CA Paris, 5e ch. B, 20 mai 1994, n° 92-13024

PARIS

Arrêt

Confirmation

PARTIES

Demandeur :

Automobiles Peugeot (SA)

Défendeur :

Ouest Automobiles (Sté), Cardiet, Soret (ès qual.)

COMPOSITION DE LA JURIDICTION

Président :

M. Leclercq

Conseillers :

MM. Bouche, Le Fèvre

Avoués :

Me Bourdais Virenque, SCP Roblin Chaix de Lavarene

Avocats :

Mes Micheli, Bourgeon.

T. com. Paris, 2e ch., du 21 avr. 1992

21 avril 1992

FAITS ET PROCÉDURE :

Jean Pierre Cardiet a acquis le 19 décembre 1989 au prix de 2 250 000 F la totalité des actions de la société Ouest Automobiles SOA, concessionnaire Peugeot à Quimperlé (Finistère). Compte tenu du caractère personnel du contrat de concession de quatre ans en cours, cette cession n'a pris effet que le 1er mai 1990, date à laquelle Jean Pierre Cardiet a signé avec la société Peugeot un contrat de concession d'une durée de 8 mois du 1er mai au 31 décembre 1990, suivi d'un nouveau contrat de concession d'une durée de 4 ans à compter du 1er janvier 1991 aux mêmes conditions.

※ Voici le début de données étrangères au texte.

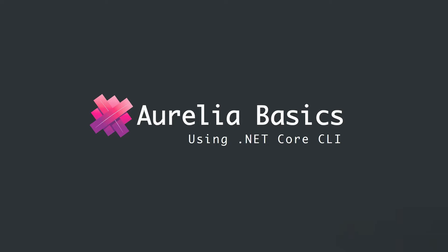Hi guys, this is Amuz. In this video, I'm going to show you how we can create a basic Aurelia application with ASP.NET Core using the .NET Core CLI. So let's get started.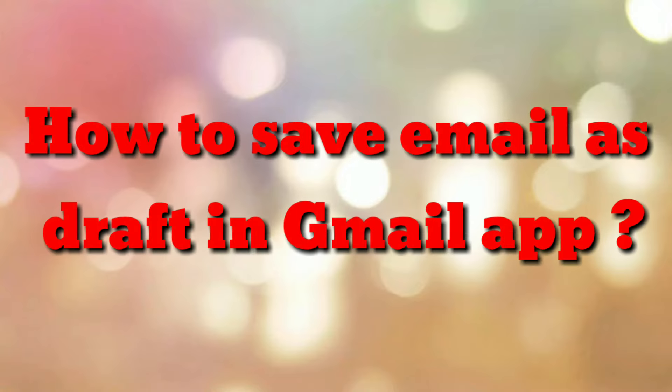Hello friends. Welcome to my channel How To. In this video tutorial, I am going to explain how to save email as a draft in Gmail app. So let's start.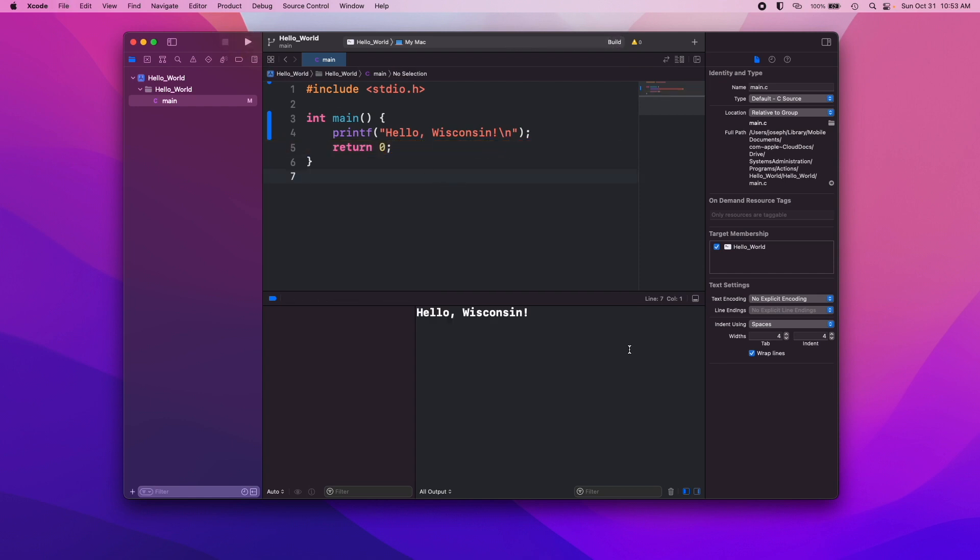Run the program one more time. Get hello Wisconsin, program ended with exit code zero, and we're all good. That is hello world in C.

Une annexe du contrat de concession accordait, par intervention de la société de financement des réseaux automobiles Sofira, filiale d'affacturage de Peugeot, des délais de paiement au concessionnaire pouvant atteindre 90 jours, sans agios pour les trente premiers jours. La Sofira devait recevoir paiement de tout véhicule vendu à la clientèle " immédiatement à la date de revente " ;

Au cours du printemps 1991 plusieurs véhicules ont été vendus par SOA sans que le prix d'achat à Peugeot en soit immédiatement versé à la Sofira. Peugeot a résilié le contrat de concession à effet rétroactif du 29 juin. SOA et Jean Pierre Cardiet, estimant que cette résiliation était abusive, ont demandé des dommages et intérêts.

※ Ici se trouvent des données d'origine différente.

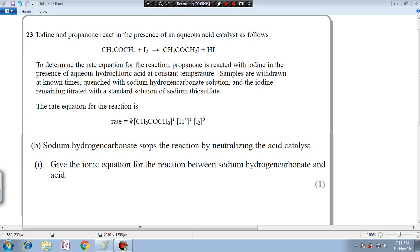Hi fellas, this is Kemadi again. Welcome back to my another video tutorial. Today we're going to solve a rate equation problem — a rate equation related problem. So let's read the question. Previously we have been solving this question where iodine and propanone react in the presence of an aqueous acid catalyst.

Par jugement du 21 avril 1992 le Tribunal de commerce de Paris a déclaré abusive la résiliation du contrat de concession, a condamné Peugeot à payer 100 000 F de dommages et intérêts à Jean Pierre Cardiet pour préjudice moral, 500 000 F à SOA à titre de provision ainsi que 25 000 F au titre de l'article 700 du nouveau Code de procédure civile, a nommé Maurice Deude, expert à la Cour d'appel de Rennes avec mission d'évaluer le montant du préjudice matériel subi par SOA et d'établir un projet d'arrêté de comptes entre les parties et a ordonné l'exécution provisoire de ces dispositions.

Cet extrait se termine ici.